To retrieve the verifier, you call `d=w.verify()` before any calls to
`send()/get()`. The Deferred will not fire until internal key-confirmation
has taken place (meaning the two sides have exchanged their initial PAKE
messages, and the wormhole codes matched), so `verify()` is also a good way
to detect typos or mistakes entering the code. The Deferred will errback with
wormhole.WrongPasswordError if the codes did not match, or it will callback
with the verifier bytes if they did match.
Once retrieved, you can turn this into hex or Base64 to print it, or render
it as ASCII-art, etc. Once the users are convinced that `verify()` from both
sides are the same, call `send()/get()` to continue the protocol. If you call
`send()/get()` before `verify()`, it will perform the complete protocol
without pausing.
## Generating the Invitation Code
In most situations, the "sending" or "initiating" side will call `get_code()`
to generate the invitation code. This returns a string in the form
`NNN-code-words`. The numeric "NNN" prefix is the "channel id", and is a
short integer allocated by talking to the rendezvous server. The rest is a
randomly-generated selection from the PGP wordlist, providing a default of 16
bits of entropy.

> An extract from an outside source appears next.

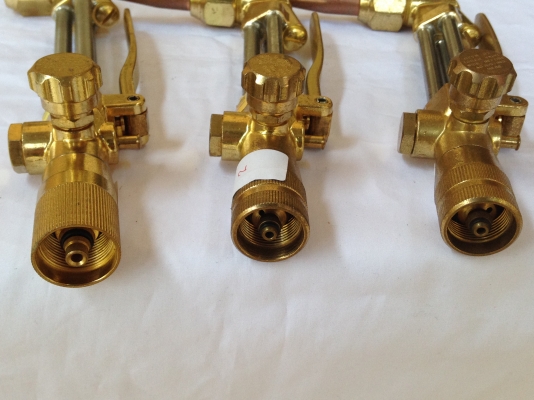 Harris cutting torch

The initiating program should display this code to the user,
who should transcribe it to the receiving user, who gives it to the Receiver
object by calling `set_code()`. The receiving program can also use
`input_code()` to use a readline-based input function: this offers tab
completion of allocated channel-ids and known codewords.

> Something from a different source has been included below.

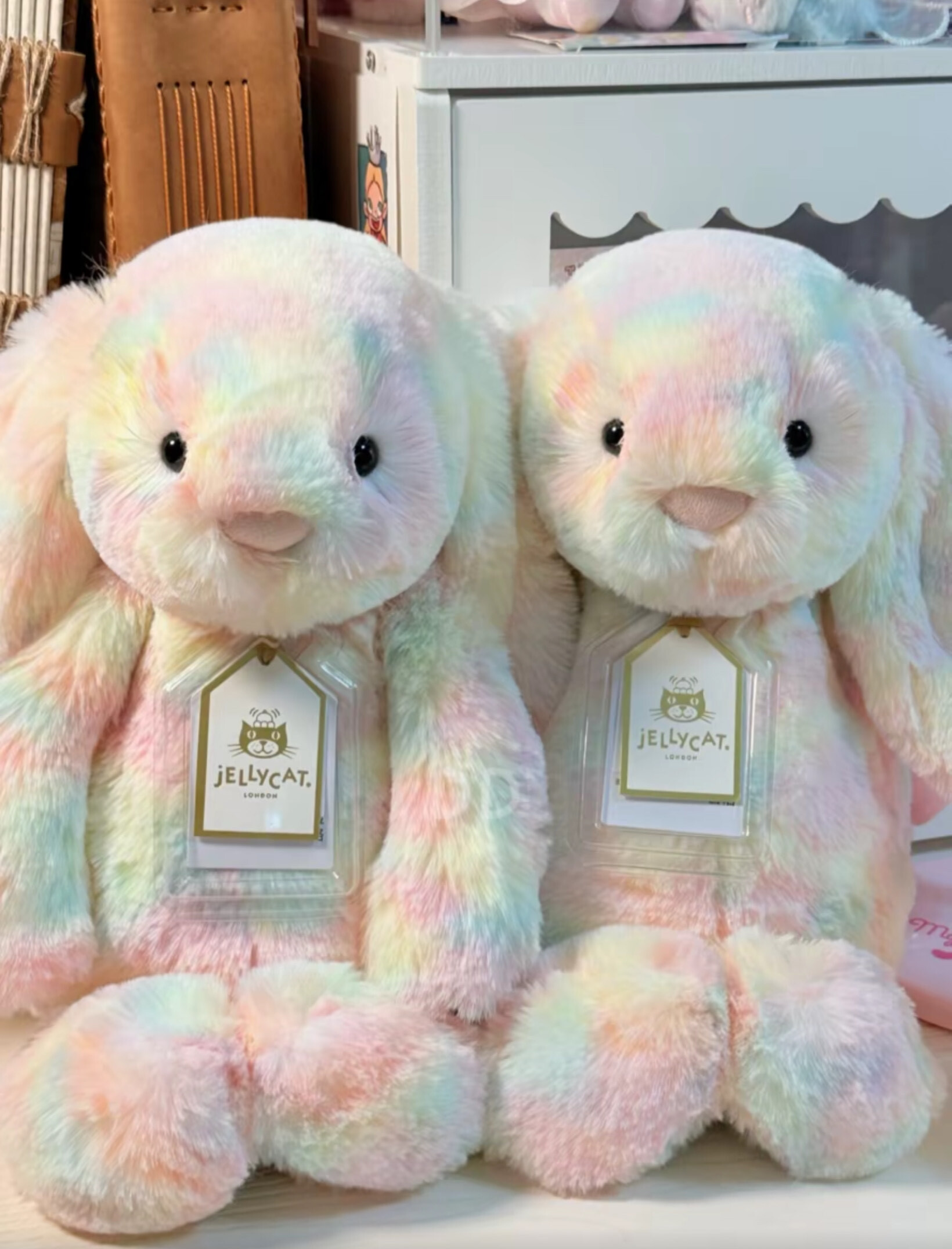 Jellycat - Luxe Bunny Lazulia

Alternatively, the human users can agree upon an invitation code themselves,
and provide it to both programs later (both sides call `set_code()`). They
should choose a channel-id that is unlikely to already be in use (3 or more
digits are recommended), append a hyphen, and then include randomly-selected
words or characters. Dice, coin flips, shuffled cards, or repeated sampling
of a high-resolution stopwatch are all useful techniques.

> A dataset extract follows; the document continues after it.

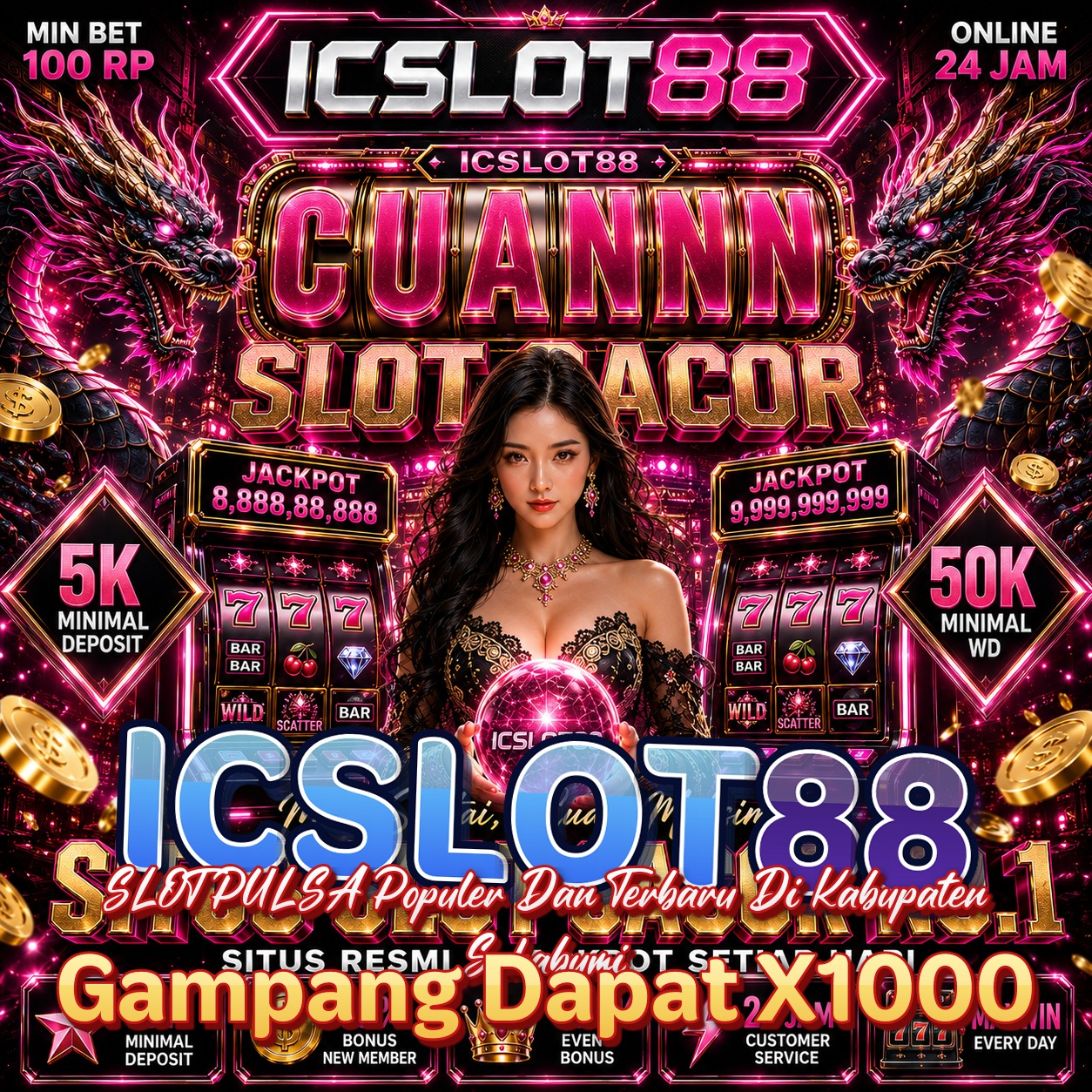 ICSLOT88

Note that the code is a human-readable string (the python "unicode" type in
python2, "str" in python3).
## Application Identifier
Applications using this library must provide an "application identifier", a
simple string that distinguishes one application from another. To ensure
uniqueness, use a domain name. To use multiple apps for a single domain,
append a URL-like slash and path, like `example.com/app1`. This string must
be the same on both clients, otherwise they will not see each other. The
invitation codes are scoped to the app-id. Note that the app-id must be
unicode, not bytes, so on python2 use `u"appid"`.
Distinct app-ids reduce the size of the connection-id numbers. If fewer than
ten Wormholes are active for a given app-id, the connection-id will only need
to contain a single digit, even if some other app-id is currently using
thousands of concurrent sessions.
## Rendezvous Relays
The library depends upon a "rendezvous relay", which is a server (with a
public IP address) that delivers small encrypted messages from one client to
the other. This must be the same for both clients, and is generally baked-in
to the application source code or default config.
This library includes the URL of a public relay run by the author.
Application developers can use this one, or they can run their own (see the
`wormhole-server` command and the `src/wormhole/server/` directory) and
configure their clients to use it instead. This URL is passed as a unicode
string.
## Bytes, Strings, Unicode, and Python 3
All cryptographically-sensitive parameters are passed as bytes ("str" in
python2, "bytes" in python3):
* verifier string
* data in/out
* transit records in/out
Other (human-facing) values are always unicode ("unicode" in python2, "str"
in python3):
* wormhole code
* relay URL
* transit URLs
* transit connection hints (e.g. "host:port")
* application identifier
* derived-key "purpose" string: `w.derive_key(PURPOSE, LENGTH)`